Fernwanderungs-Ausrüstungs-Geflüster

Was ich warum auf meiner 3-wöchigen Fernwanderung in Norwegen dabeihatte

@Aus_der_UBahn
10 min readSep 14, 2020

Eine detaillierte Packliste zu meiner Fjell-Wanderung #Lyse2Sognefjord im August 2020 habe ich drüben bei Lighterpack online, das ist ein hübscher kleiner Dienst. Aber bei so einer reinen Auflistung bleiben viele Fragen offen: Hat es sich gelohnt, das Teil mitzuschleppen? Braucht es das wirklich? Geht es nicht noch leichter? Und sind alle, die’s anders machen, doof?

Hier meine ultimativen Packlistenweisheiten!

Rucksack: Nicht zu groß

Wer nicht gedankenlos den ganz großen Rucksack nimmt, kann viel Gewicht sparen. Ich habe gemerkt, dass bei meiner Ausrüstung 50+10l völlig auch für mehrere Wochen ausreichen, und habe den 80l-Rucksack von Bergans durch einen Deuter Aircontact Lite ersetzt — 750g weniger auf dem Buckel! Und vom Trageverhalten, Volumen und den Verstaumöglichkeiten her ist der auch super. Das meiste Zeug passt in die 50l, und für Essensvorräte für bis zu 5 Tage habe ich die +10l genutzt. Nur die Isomatte (siehe unten) hängt außen dran.
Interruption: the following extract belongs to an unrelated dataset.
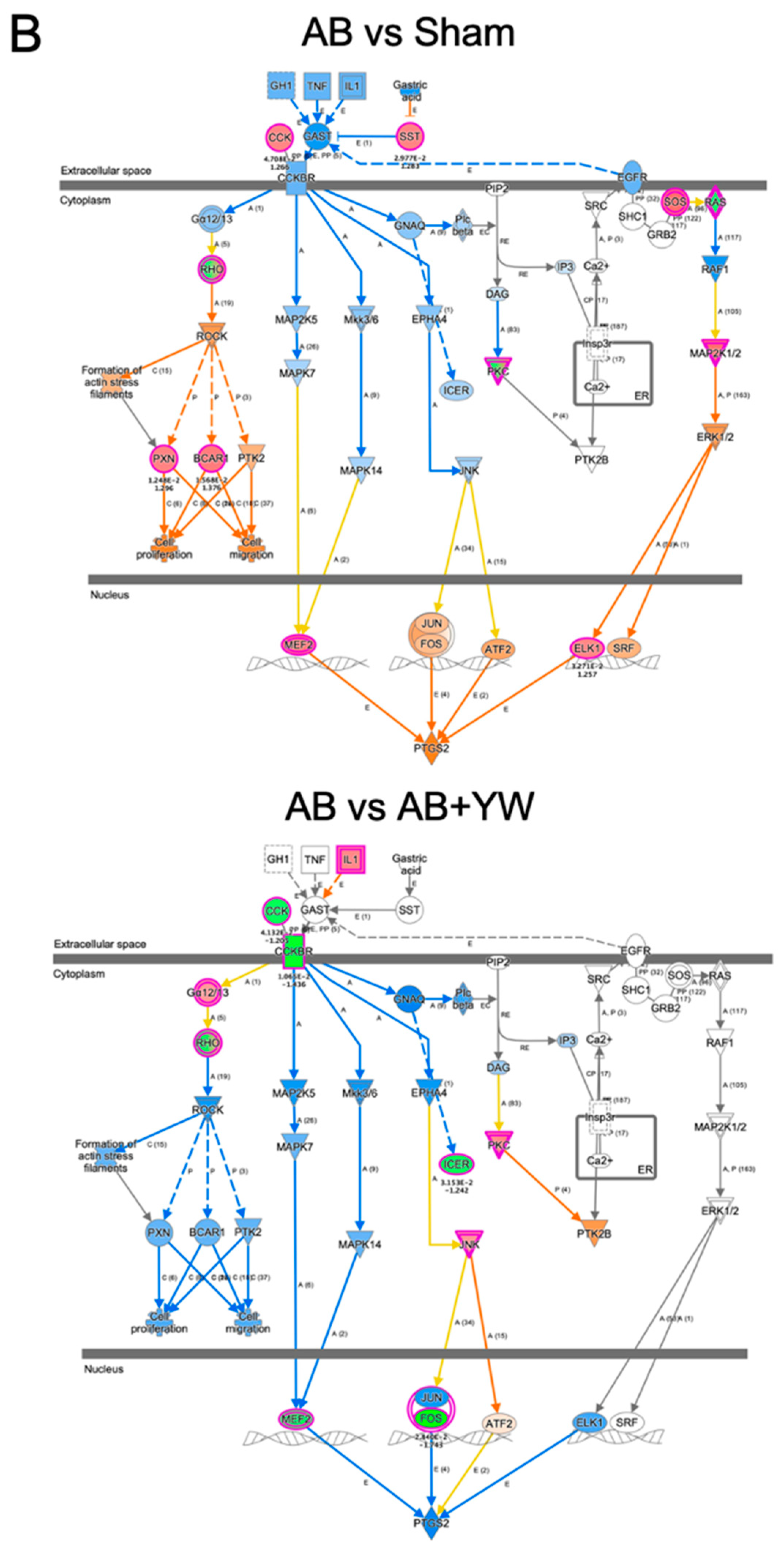 Nutrients 15 02731 g006b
Zelt: Leicht, aber wetterfest

Ich liebe mein MSR Hubba NX für eine Person. Ist zwar etwas schmal, vermittelt mir aber das Gefühl, auch im ekligsten Wetter noch ein sicheres und gemütliches Zuhause zu haben. Und vor allem natürlich wiegt es nur 1,2kg bei einem Preis von rund 350 Euro. Ist zwar nicht ganz schnell aufzubauen, aber die Zeit genieße ich sowieso immer. Inzwischen gibt es auch andere Ultraleichtzelte, die man nicht nur für ein Festival im Sommer nutzen kann, sondern die auch bei Regen und Wind dicht bleiben. Unterwegs traf ich jemanden mit einem recht geräumigen 1-Personen-Zelt von Nordisk, das sah auch gut aus, kostet halt nur das Doppelte.
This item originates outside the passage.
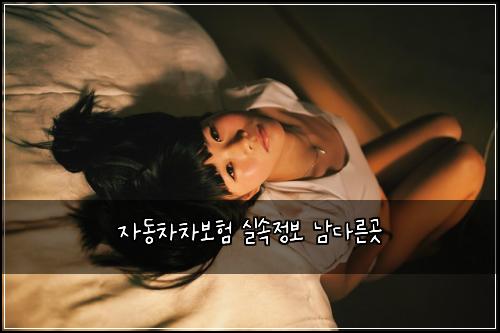 자동차차보험 실속정보  남다른곳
Isomatte: Hart, aber robust

Die ganzen modernen aufblasbaren Isomatten von Sea-to-Summit oder Thermarest sind schon verlockend wegen des sehr geringen Gewichts und der recht hohen Bequemlichkeit. Allerdings liegen sie bei einem R-Wert, der für drei Jahreszeiten ausreicht, dann doch meist bei 600, 700 Gramm oder mehr. Und sie sind sauteuer. Und vor allem: Ich traue dem Material nicht. Es fühlt sich so dünn und verletzlich an! Also hatte ich wie seit Jahren meine alte “Ridgerest”-Iso-Schaum-Matte mit 400g Gewicht dabei, die ich auch zur Mittagspause rausziehe und sorglos auf die rauen Felsen lege. Man liegt recht hart, doch ich bin’s gewöhnt und mein Rücken kommt damit klar. Die Matte hänge ich hochkant außen an den Rucksack dran und fertig.

Schlafsack: Leichte Daune, bitte aufpassen

Der Schlafsack war ein Online-Sonderangebots-Glücksgriff: Der Mountain Hardware Phantom Spark wiegt nur 630g, wärmt aber bis ungefähr 0° ausreichend! Das war auf dieser Wanderung in einer Nacht auf einer Höhe von 1.200m bei schlechtem Wetter grenzwertig, hat aber ansonsten völlig ausgereicht. Im Notfall z.B. bei Schnee hätte ich auch in einer Hütte unterschlüpfen können. Das Packvolumen ist echt winzig! Man muss halt nur höllisch aufpassen, dass die Daunen nicht feucht werden.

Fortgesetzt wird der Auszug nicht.